Slickwater or fracking fluid is the mixture of water, sand and chemicals pumped at high pressure down well bores (pipes) to shatter the rock beneath. Some of the methane inside the rock will escape into these pipes and up to the surface.

Horizontal drilling is used with HVHF to allow operators to frack large underground areas.

Multi-well pads allow the operators to drill several wells on a single site, with horizontal bores extending in all directions. The plan for Fermanagh is to have at least sixty of these sites, each with twenty-four wells.

Flowback fluid is the liquid left after the fracking process – a mixture of fracking fluid, high concentrations of salt and other substances such as heavy metals and benzene. Some of this will stay underground and some will return to the surface.

Remember: Fracking in Fermanagh will be HVHF, using high volumes of fracking fluid at high pressure, drilling horizontally from multi-well pads, shattering the shale rock layer relatively near the surface, and producing large quantities of toxic flowback fluid.

Can they really frack without using chemicals?

When most of us talk about fracking, we mean the whole process of shale gas extraction, from start to finish. This includes preparation, drilling, pumping the fluid, shattering the rock, extracting the gas, processing and transporting it and maintaining the site and equipment.
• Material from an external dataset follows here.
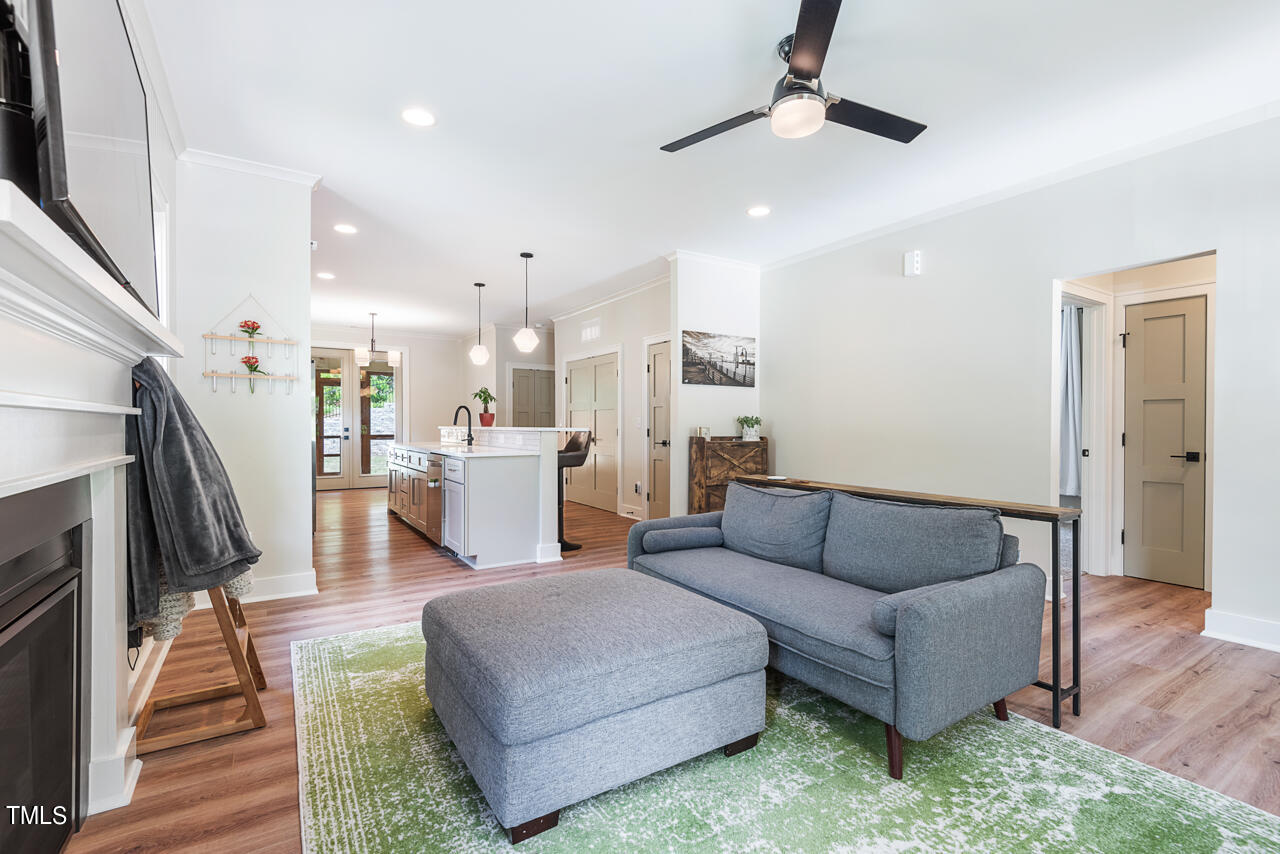 2975 Carolyn Drive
But when the industry talks about fracking, it only means the pumping, shattering and extraction stage. So, when operators say, for example, that they will not use chemicals, they are not talking about the whole process.
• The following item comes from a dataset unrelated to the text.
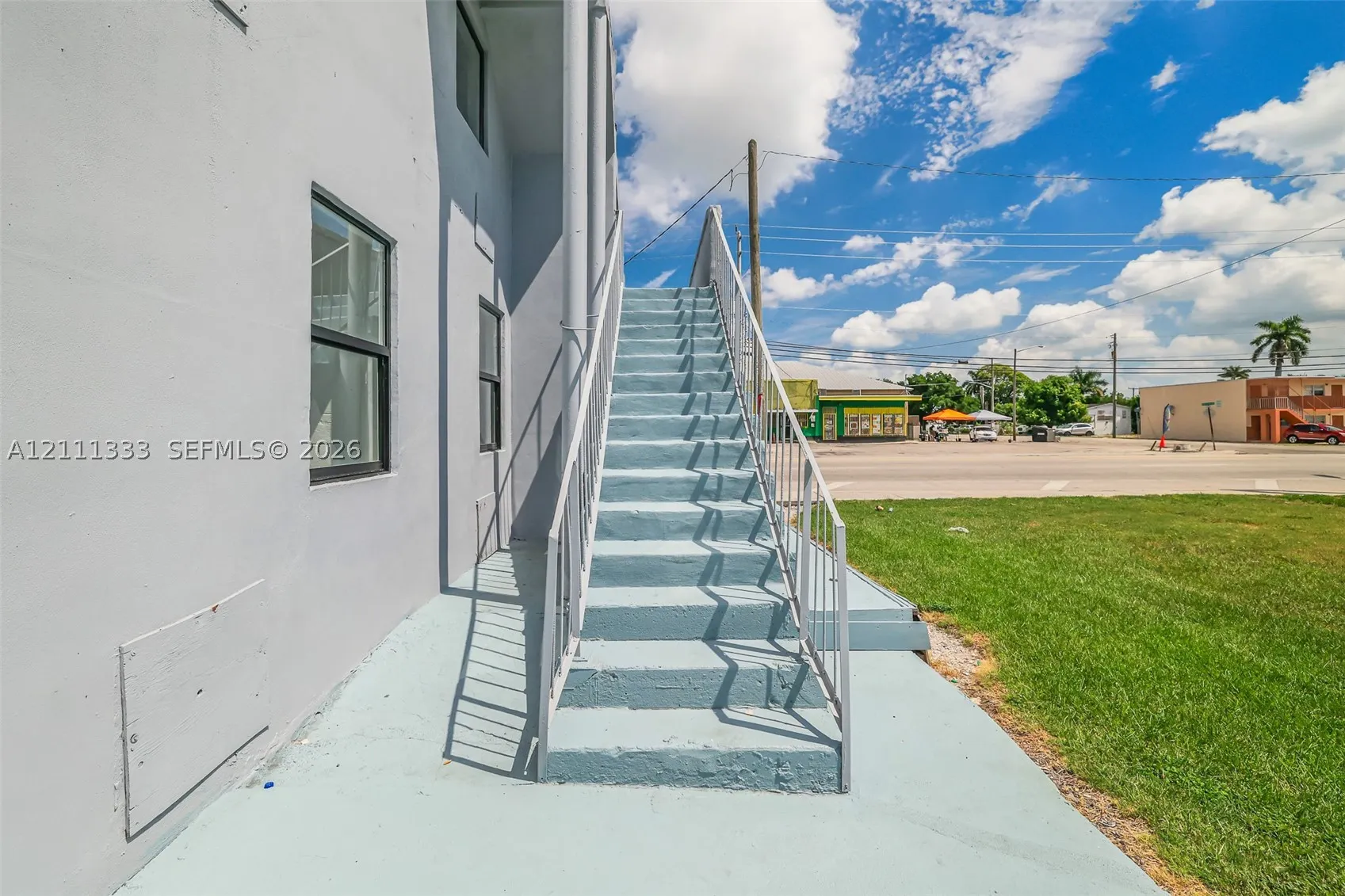 416 W Dr Martin Luther King Jr Blvd W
Is fracking and extraction possible without chemicals? There is little, if any, evidence to support the reality of chemical-free fracking. Even if it is possible, there is still a huge risk of soil, water and air contamination. Deep underground is a cocktail of toxic chemicals, harmless to us if undisturbed. HVHF will bring these to the surface in the millions of gallons of flowback fluid. The rest of the flowback fluid will lie underground, between two aquifers which provide the sources for Fermanagh’s and Donegal’s fresh drinking water. This fluid will contain high volumes of salt, heavy metals and benzene, all tragically toxic to humans and animals.

How will fracking be regulated?

The basic UK law which governs gas and oil licensing dates from the 1960s and has not kept pace with advances in scientific understanding and
technology. Even the most recent environmental laws do not specifically cover HVHF, which has moved so quickly in the last ten years and is still largely experimental.